━━━ DATA TO EXAMINE ━━━

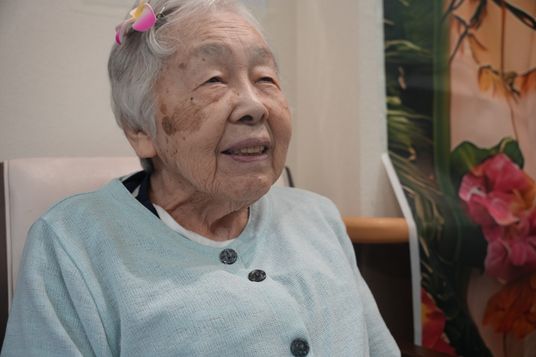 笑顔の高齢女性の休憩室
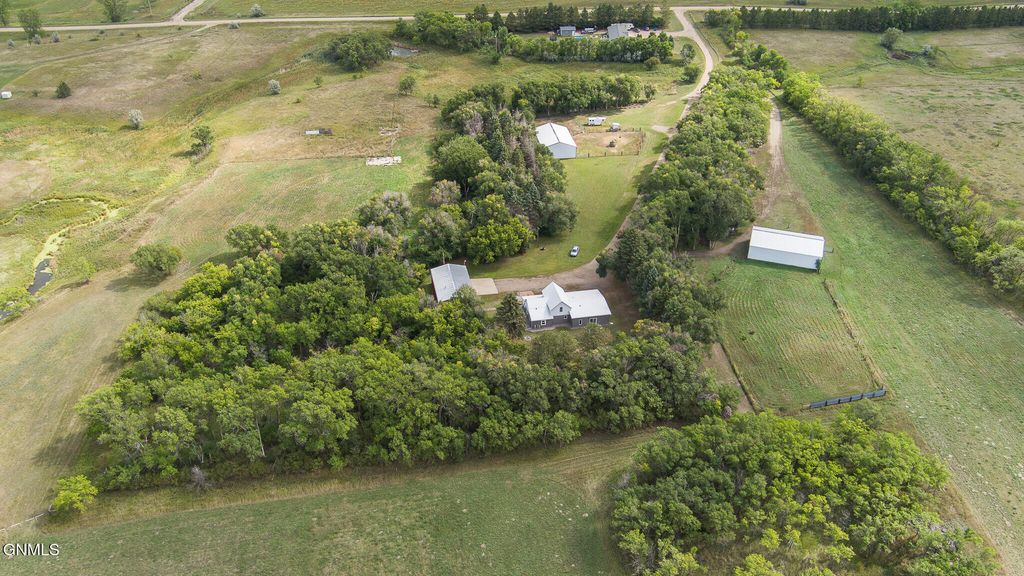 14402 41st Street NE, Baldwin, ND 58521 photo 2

━━━
━━━ DATA TO EXAMINE ━━━

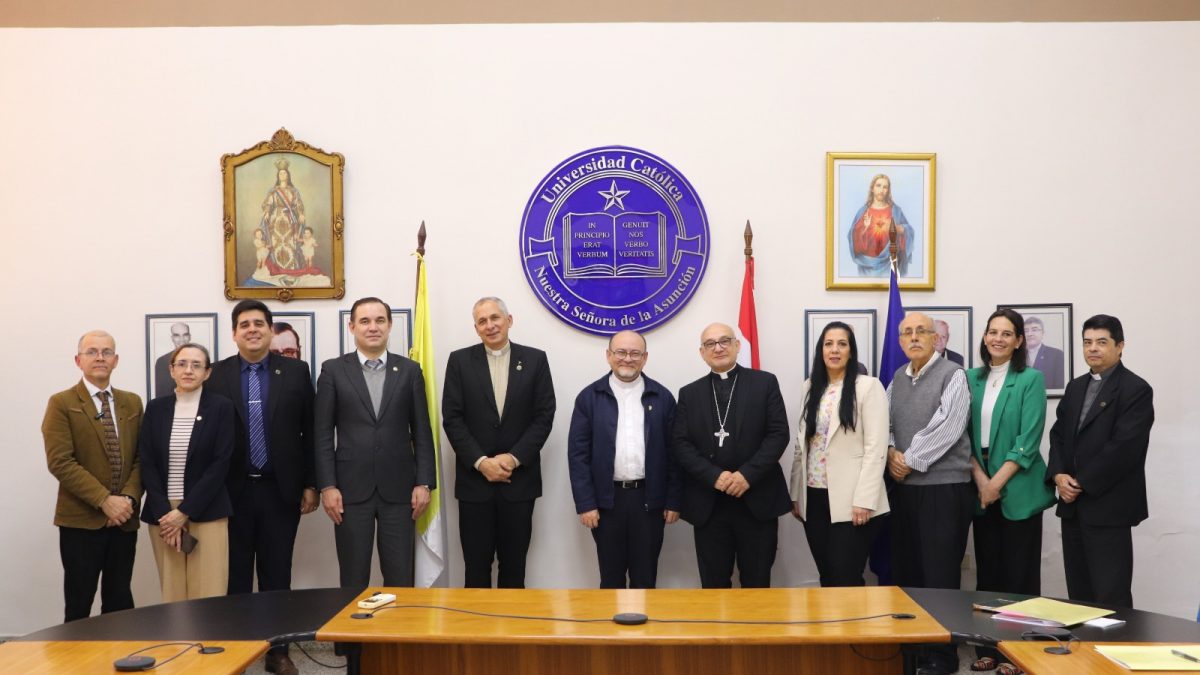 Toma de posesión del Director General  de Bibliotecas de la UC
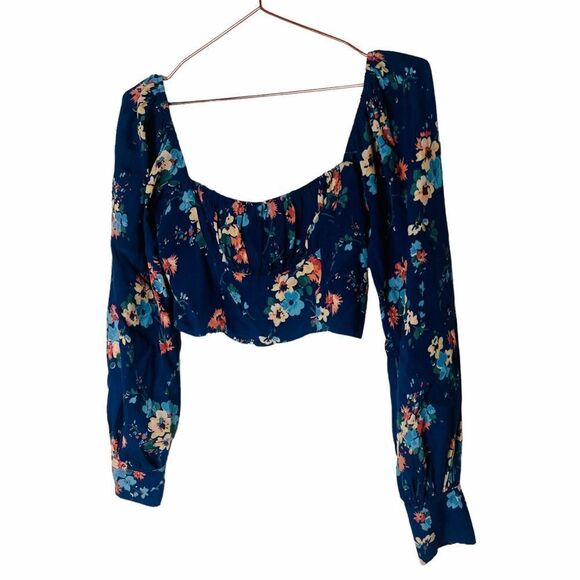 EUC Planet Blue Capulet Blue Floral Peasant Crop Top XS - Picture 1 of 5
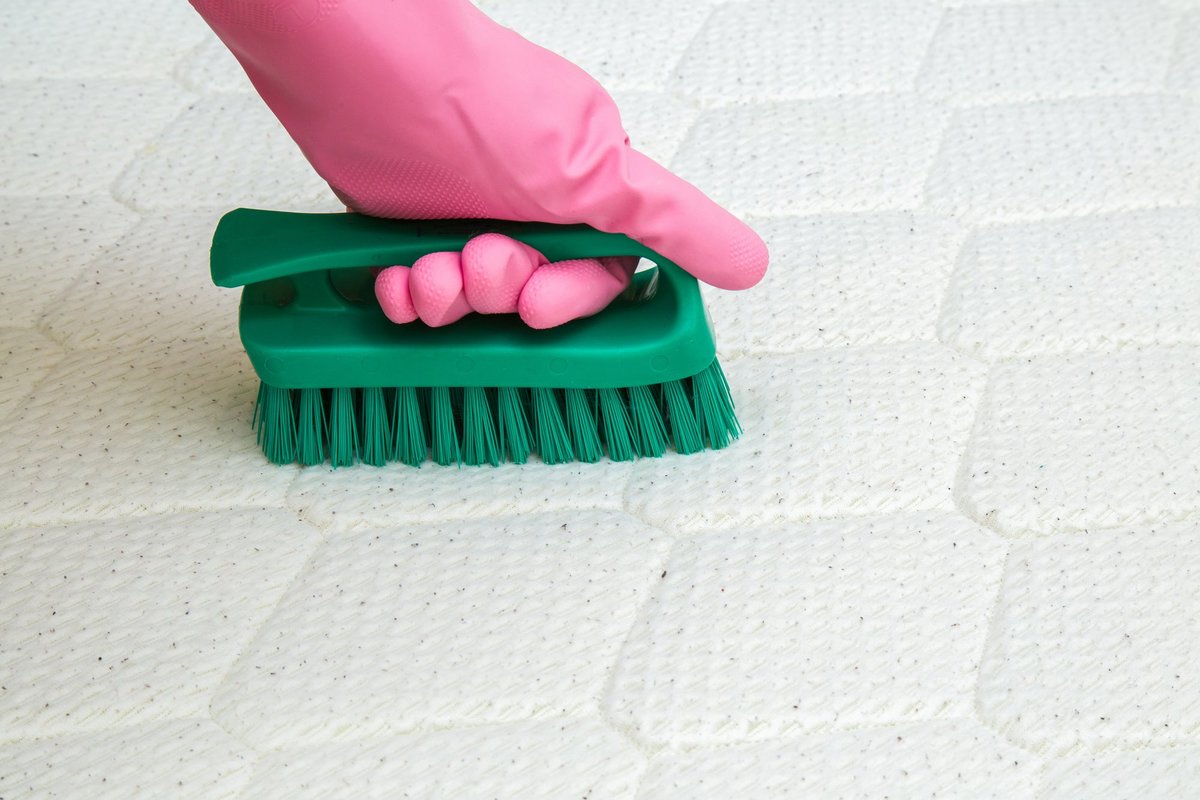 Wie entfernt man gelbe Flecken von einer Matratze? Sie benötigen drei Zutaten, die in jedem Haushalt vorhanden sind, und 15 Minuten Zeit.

━━━
━━━ DATA TO EXAMINE ━━━

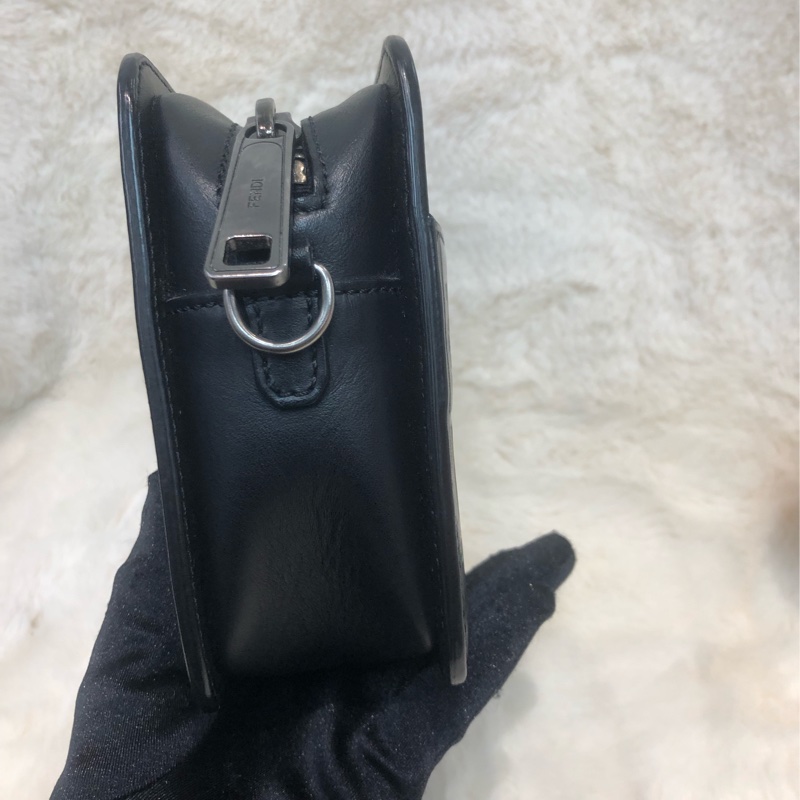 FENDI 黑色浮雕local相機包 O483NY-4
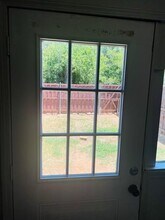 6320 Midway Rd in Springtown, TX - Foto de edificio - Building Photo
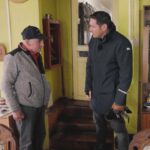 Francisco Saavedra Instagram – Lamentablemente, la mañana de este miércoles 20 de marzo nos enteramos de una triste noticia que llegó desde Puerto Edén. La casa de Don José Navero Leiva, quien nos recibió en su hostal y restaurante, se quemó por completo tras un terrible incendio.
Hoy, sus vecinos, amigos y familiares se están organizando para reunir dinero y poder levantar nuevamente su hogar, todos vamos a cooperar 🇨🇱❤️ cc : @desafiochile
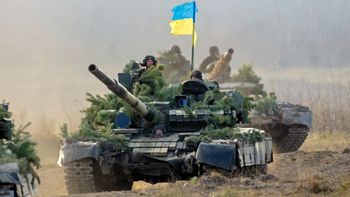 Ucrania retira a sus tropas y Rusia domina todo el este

━━━

Only one stretch of the listing above is to be duplicated: the lines from the one containing "Hoy, sus vecinos, amigos" through the one containing "Ucrania retira a", both included. Copy them exactly, minus the pictures.

Hoy, sus vecinos, amigos y familiares se están organizando para reunir dinero y poder levantar nuevamente su hogar, todos vamos a cooperar 🇨🇱❤️ cc : @desafiochile
 Ucrania retira a sus tropas y Rusia domina todo el este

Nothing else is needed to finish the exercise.